Multibyte and Gems

I’ve tracked down a problem with a Gem I am trying to use. It turns
out that it has some non-ascii characters in it; for example the
second quote in the regular expression below is not an ASCII character:

 parts = self.split( %r/( [:.;?!][ ] | (?:[ ]|^)["“] )/x )

It produces errors like this:

:in `require’: /opt/local/lib/ruby1.9/gems/1.9.1/gems/webby-0.9.4/lib/
webby/core_ext/string.rb:14: invalid multibyte char (US-ASCII)
(SyntaxError)

I fixed it by adding the following to the top of the offending file:

encoding: utf-8

My questions:

  • Is this the preferred fix?

  • Is there a way to work around this problem without modifying the Gem?

  • Is there an easy way to see if gems have non-ascii source files but
    haven’t included an encoding comment? Some kind of Ruby warning for
    instance.

On Jun 22, 2009, at 22:26, Martin H. wrote:

lib/webby/core_ext/string.rb:14: invalid multibyte char (US-ASCII)
(SyntaxError)

I fixed it by adding the following to the top of the offending file:

encoding: utf-8

My questions:

  • Is this the preferred fix?

Yes.

  • Is there a way to work around this problem without modifying the
    Gem?

File a bug with the author and have them release a new version,
otherwise no.

  • Is there an easy way to see if gems have non-ascii source files
    but haven’t included an encoding comment? Some kind of Ruby warning
    for instance.

ruby -c will do this for you.

So is it considered best practice to put an encoding comment at the
begging of all your files now days?
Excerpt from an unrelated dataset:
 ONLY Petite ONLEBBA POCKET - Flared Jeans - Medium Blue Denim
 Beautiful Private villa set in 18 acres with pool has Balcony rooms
Such as:

encoding: utf-8

or whatever encoding you like. is this what people are doing or are
they doing it one off for the files that have non-ascii characters?

It seems to me that if you have a modern editor it isn’t too hard to
accidentally slip in some non-ascii characters resulting in some pain
down the road.

On Wed, Jun 24, 2009 at 1:43 AM, Martin H.[email protected] wrote:

the road.
It isn’t hard to mess up any code in a lot of ways, so as usual, try
to run/test it before you release/deploy :slight_smile:
That also means that using Ruby 1.9.1 for your daily coding might be a
better choice, otherwise you’ll have to use multiruby.

On Jun 24, 2009, at 19:08, Michael F. wrote:

It seems to me that if you have a modern editor it isn’t too hard to
accidentally slip in some non-ascii characters resulting in some
pain down
the road.

It isn’t hard to mess up any code in a lot of ways, so as usual, try
to run/test it before you release/deploy :slight_smile:
That also means that using Ruby 1.9.1 for your daily coding might be a
better choice, otherwise you’ll have to use multiruby.

With hoe, it’s as easy as:

multiruby_setup the_usual # only once
rake multi